# Missouri Flooding



## paris'mom (Jul 14, 2004)

I saw on the news that there are many places flooded. One of them is Missouri, and particularly rural places in MO. 

That made me think of the puppy mills in that state. I hope #1 they dogs didn't die a horrible death of drowning in a locked cage while their humans escaped the flood, and #2 the flood didn't reach them.

I'm praying there are rescue organizations that are looking into this matter... i have searched online but didn't see any news about puppy mills and their death related to this flood.

We all know what these animals mean to the puppy mills, just $, not souls. I can't see the mill operators risking their own lives for these "livestock"... :bysmilie: :bysmilie: 

Has anyone heard anything related to the puppy mills and this flood???


----------



## lauraragdolls (Dec 10, 2005)

No - I live in Missouri and I haven't heard anything about any breeders being flooded out. I'll keep my eyes and ears open.


----------



## lacey (Oct 17, 2005)

I also live in rural Missouri and have not heard anything.


----------



## paris'mom (Jul 14, 2004)

Ok. no news is good news, perhaps?

Keeping my fingers crossed that no dogs met their maker in this horrible manner.

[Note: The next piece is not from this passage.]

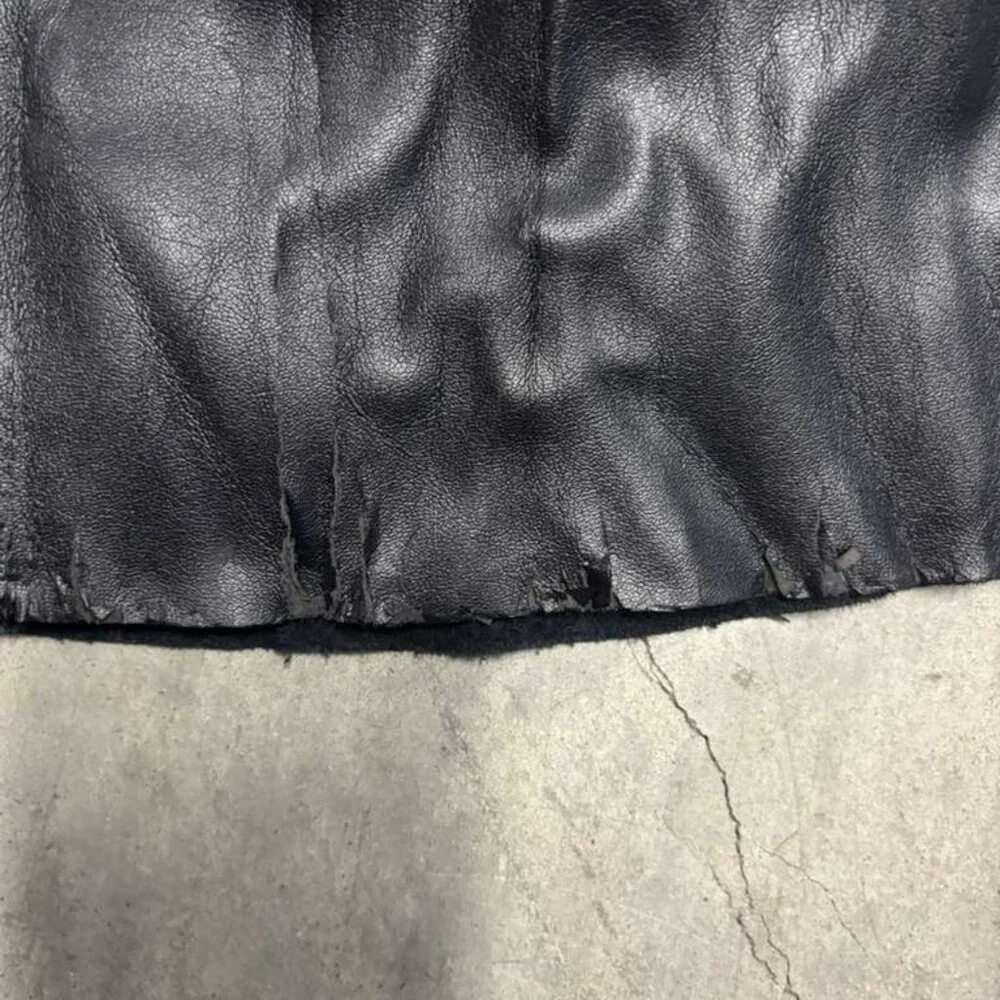 Forever 21 black M short skirt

Although it can be said they are living in heck right now... :bysmilie:


----------



## Cheri (Jan 7, 2008)

LOL..."living in heck right now"...

anyway, I was thinking how sad it was, and then a thought occured to me...they're not going to advertise that they lost all their dogs to a flood because they'd probably get in a heap of trouble (one would think anywya!). They're going to heck anyway if you ask me (the 'breeders', not the dogs).
~~Cheri~~


----------